This weekend a woman in my baby bump group expressed her sadness because this weekend would have been her previous pregnancy’s due date. She experienced a miscarriage last year. That particular pregnancy for one reason or another was not viable and resulted in the loss of a baby. She became pregnant again in the late fall and is due this summer alongside me.
The sadness of loss, the grief of losing the baby, is completely understandable. But, what seemed to upset her more was her husband’s lack of grief. “shouldn’t he be sad?” she questioned, “I wanted family time, and he wanted to watch the game”.

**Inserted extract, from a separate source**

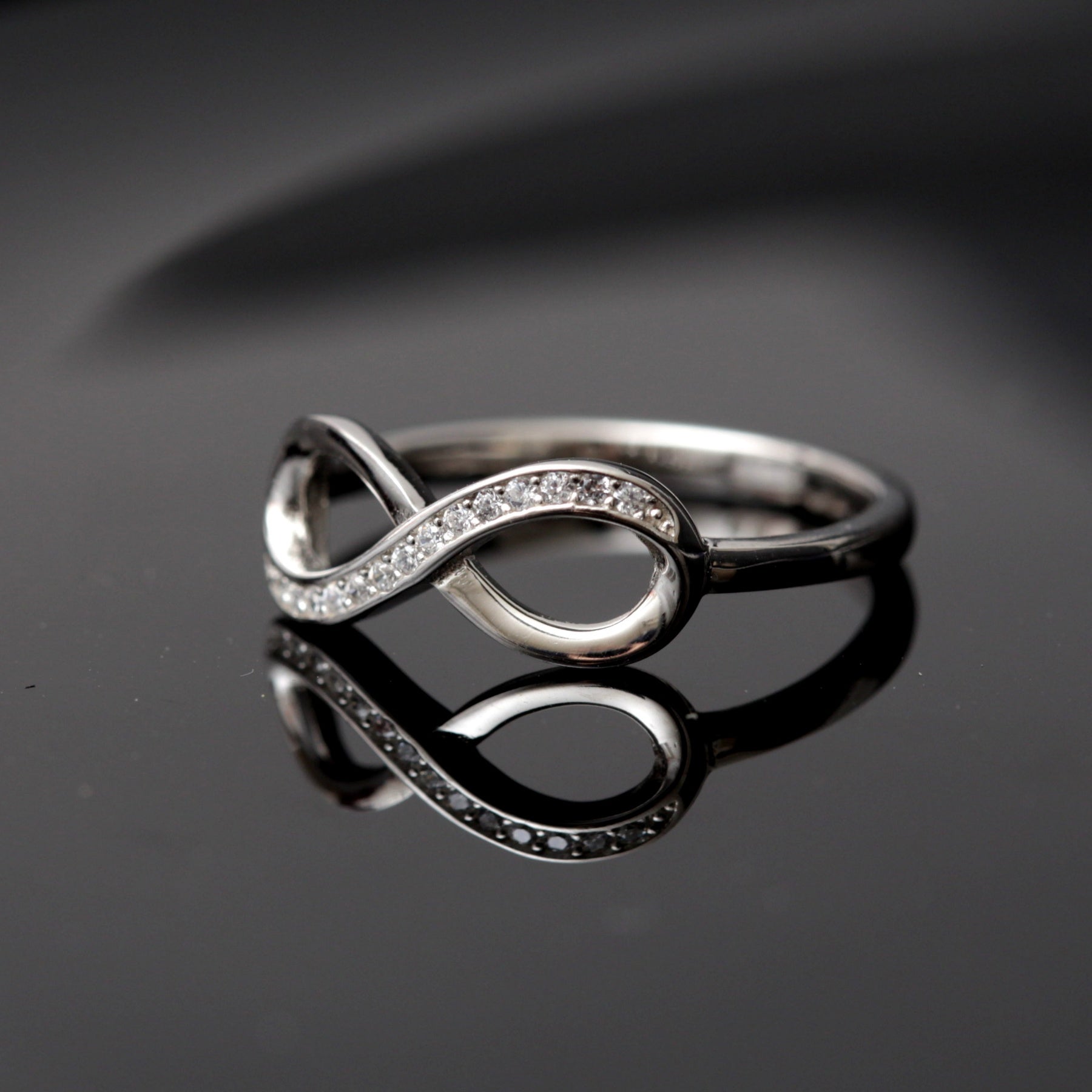 Bague argent Rhodié garanti infinity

She wasn’t selfish in wanting some comfort in a time of sadness, but she was selfish in expecting her husband would express the same emotions. Our emotions are our own. No one else’s.
Then she said something that stood out to me. “Is this a burden women carry alone?”
Interesting thought. All our emotions are ours alone.
For most women, the “realness” of the pregnancy probably sets in much earlier than it does for men. For one, we’re actively affected from the moment we know we’re expecting. Our bodies are impacted and change. I stopped drinking, I changed my workout routine, etc. Dads — well dad doesn’t have to do any of that.
And for many men, that moment of “realness” may not come until there is a child placed in his hands.
In that way – yes this is something women carry alone. We view the pregnancy differently. The reality of what happened is closer to us. There is a slew of emotions a woman may go through when she experiences a miscarriage that a man simply won’t. She may feel she did something wrong, ate something wrong, wasn’t healthy enough.
That doesn’t mean a man won’t experience grief, or sadness, over a miscarriage. It just means he will experience it differently. He may grieve at the time of the loss and then not bring it up again. He may not allow his feelings to become outwardly visible. So as wives we may look at him as if he’s not feeling anything at all.
But do we have to feel alone? No, I don’t think so. We can always ask our husband for comfort. We are always free to sit next to him on the couch and say “Babe, I’m hurting will you hold me?” And I can’t imagine he wouldn’t.
Men are not mind-readers – we must ask for what we need sometimes
Men are not women – they will not express our emotions, and certainly not the intensity of our emotions.
Men do not carry the child – women carry alone.